I finally got pictures of my girls on here, it took me a good while. My computer was having some technical problems. But, here they are. I hope that you enjoy them!


----------



## kathylcsw (Jul 31, 2011)

They are so cute!


----------



## Herzo (Feb 5, 2011)

Oh the cuteness I'm not sure I can stand it.


----------



## GAPugLady (Mar 3, 2012)

Thankk you for the wonderful compliments. You all have beautiful and adorable fur babies as well.


----------



## magicre (Apr 7, 2010)

ah, those pugs......gorgeous....


----------



## Kat (Jul 12, 2011)

Omg they are sooo cute! Are they all different pugs, or multiple shots of the same two?


----------



## Donna Little (May 31, 2011)

Seriously cute pictures! I love how the one is hanging out on top of the washer! Adorable!


----------



## GAPugLady (Mar 3, 2012)

Kat said:


> Omg they are sooo cute! Are they all different pugs, or multiple shots of the same two?
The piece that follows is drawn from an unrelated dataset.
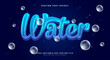 © Easin Arafat - Water 3d editable text effect Template Suitable for Bubble Style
They multiple shots of the same two. Thanks for the compliment. Your Pug is absolutely beautiful and precious as well as adorable.


----------



## GAPugLady (Mar 3, 2012)

magicre said:


> ah, those pugs......gorgeous....


Thanks! They always keep me on my toes and keep me going.


----------



## Kat (Jul 12, 2011)

I would love to one day get a second pug... two pugs are cuter then one  lol


----------



## GAPugLady (Mar 3, 2012)

Donna Little said:


> Seriously cute pictures! I love how the one is hanging out on top of the washer! Adorable!
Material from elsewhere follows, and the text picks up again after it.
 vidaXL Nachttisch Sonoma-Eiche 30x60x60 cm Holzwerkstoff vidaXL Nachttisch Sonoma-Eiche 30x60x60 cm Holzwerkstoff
Thanks, you have a beautiful canine pack. I love your avatar picture.


----------



## GAPugLady (Mar 3, 2012)

Kat said:


> I would love to one day get a second pug... two pugs are cuter then one  lol


I agree with you on that. My two keep one another company whenever I'm not at home.


----------



## NewYorkDogue (Sep 27, 2011)

They are really cute. I especially like the washing machine as a pug prop...


----------



## Janet At Nutro (Mar 11, 2011)

Your Pugs are adorable!


----------



## GAPugLady (Mar 3, 2012)

NewYorkDogue said:


> They are really cute. I especially like the washing machine as a pug prop...


Thanks! You have a lovey and adorable dog.


----------



## GAPugLady (Mar 3, 2012)

Janet At Nutro said:


> Your Pugs are adorable!


Thanks, you have a beautiful Labrador Retriever.


----------